Today, there are many examples of corporate venturing teams and accelerators that birth start-ups. They work because of the mutual benefit they provide to both the corporate and the start-up. On the one side there are financial resources and strong customer and distribution channels; on the other there are innovation and agility.
On reflection, a major advantage was that PPP, with a few thousand employees at the time, was mid-market size. So while giving birth to a tech start-up was challenging for a traditional and bureaucratic insurance company, the risk was comparatively low. We could quickly show how the core business benefited. I still think more mid-market businesses could benefit from adopting the same approach.
I’ve repeated it many times over my career.
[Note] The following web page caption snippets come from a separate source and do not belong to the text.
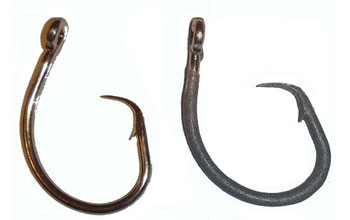 a standard circle hook on left compared to a shark repellent hook on right.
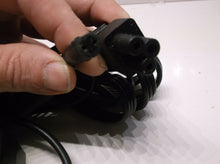 Targus APA30US Universal Wall Power No Tip Adapter For Laptops AC Cord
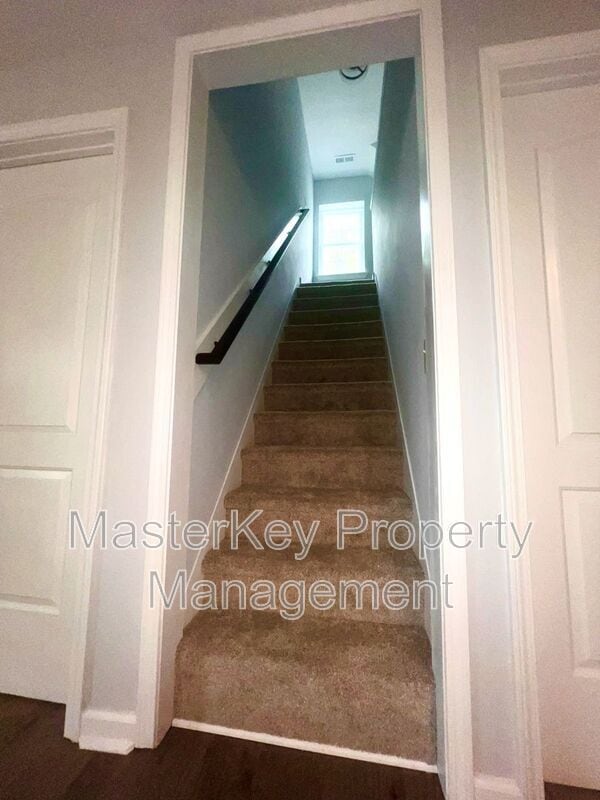 Building Photo - 713 Massey Ave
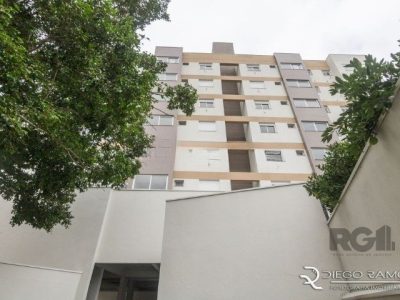 Apartamento à venda com 35m², 1 quarto, 1 vaga no bairro Santo Antônio em Porto Alegre - Foto 2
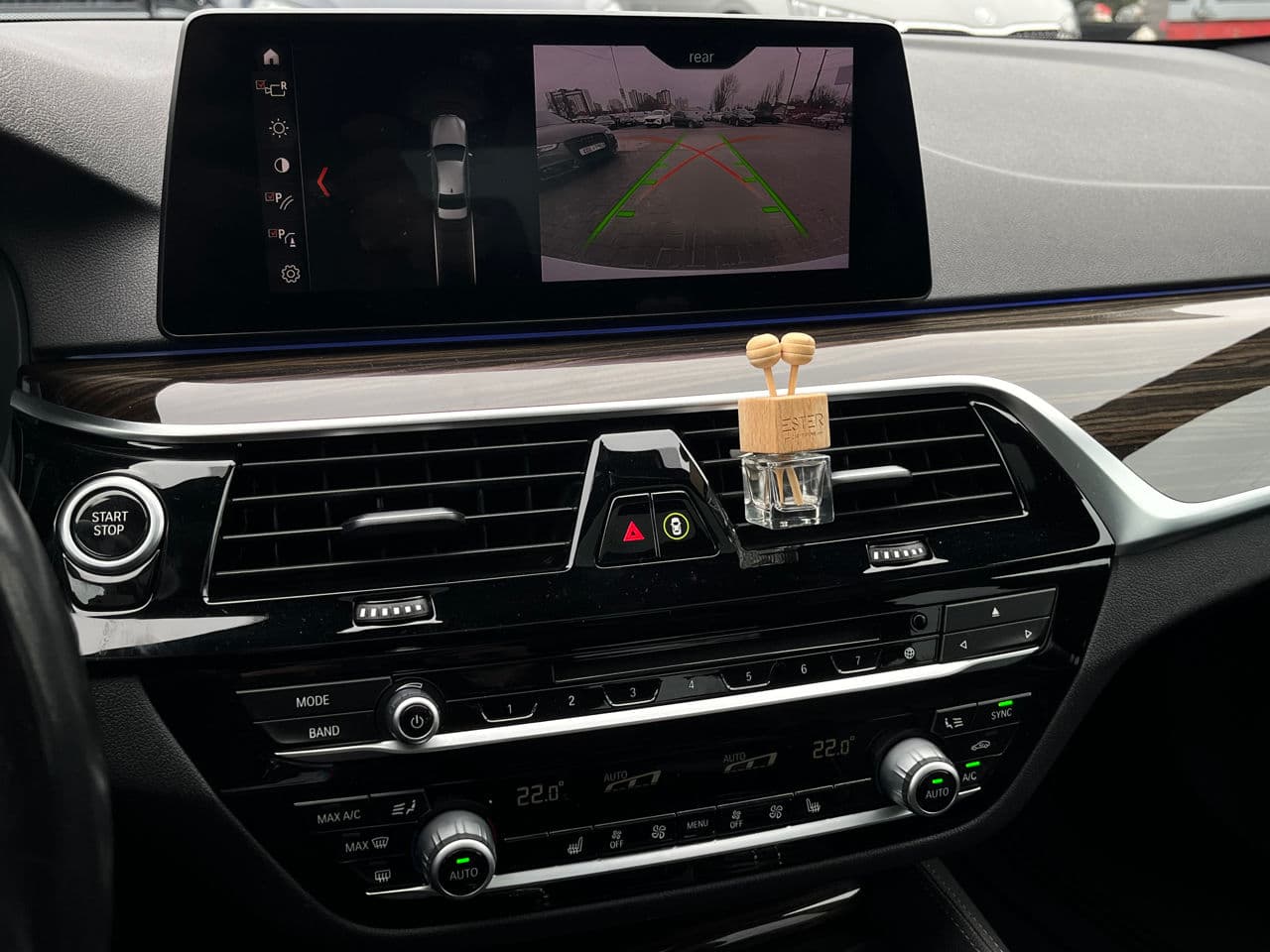 2018 BMW 530e — Miniatură 13
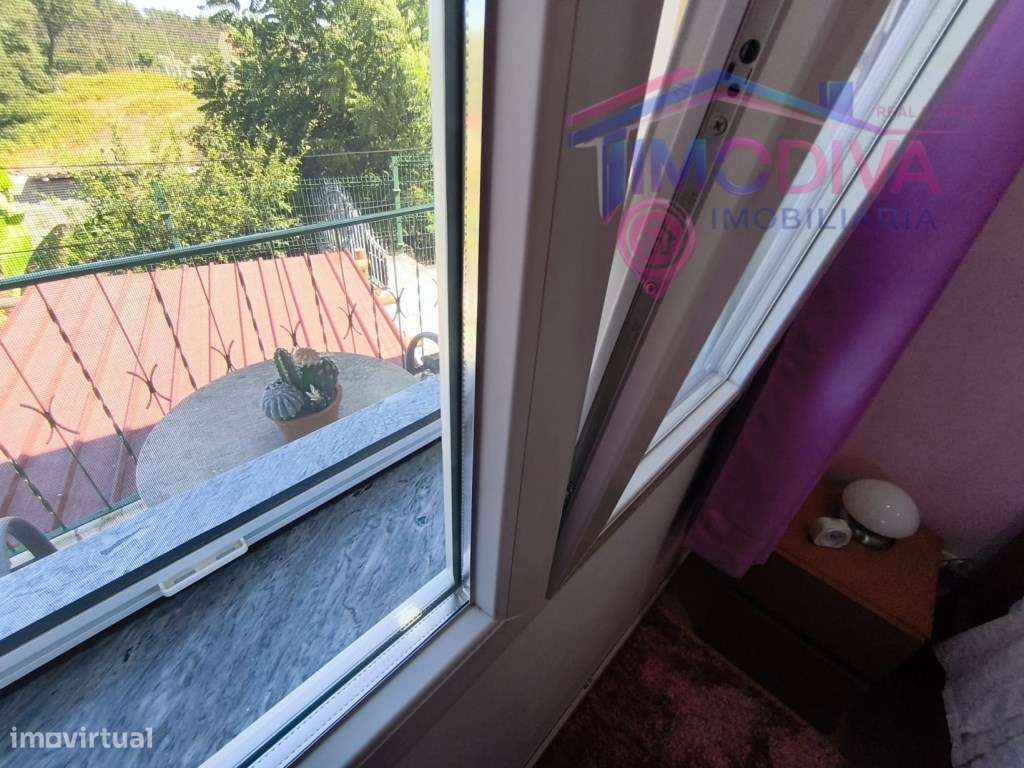 Moradia T3 recentemente renovada, com jardim em Graça, Pedrogão Grande-24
When I was chief executive of Iris Software and we needed to innovate to accelerate our online business, our first step was to create a corporate venture. Later at Latimer Group, a youth media business I invested in, we spun out a fast growing service called Bulbshare as a separate tech venture and it thrived. Now at Leathwaite International, an executive search business that I chair, we have created an early-stage tech venture, which services a different marketplace entirely.
Finally, at Ground Control, we have two Queen’s Awards for innovative use of technology. This has included modernising our internal technology for continuous performance improvement, as well as to help us to cultivate entrepreneurial talent and assess what we need to do to stay one step ahead of potential market disruption. This applies to both the communities we serve and the environment, as well as the growing need for analytics to support the move to net zero.
So my focus for 2022 is to refresh my proactive, risk-accepting mindset to prepare for tomorrow’s challenges. By encouraging intrapreneurs, I think established businesses can redesign and renew themselves. The new products and services that result will help to extend their lifecycle and drive growth, vital in what will undoubtedly be a continually changing and uncertain business environment.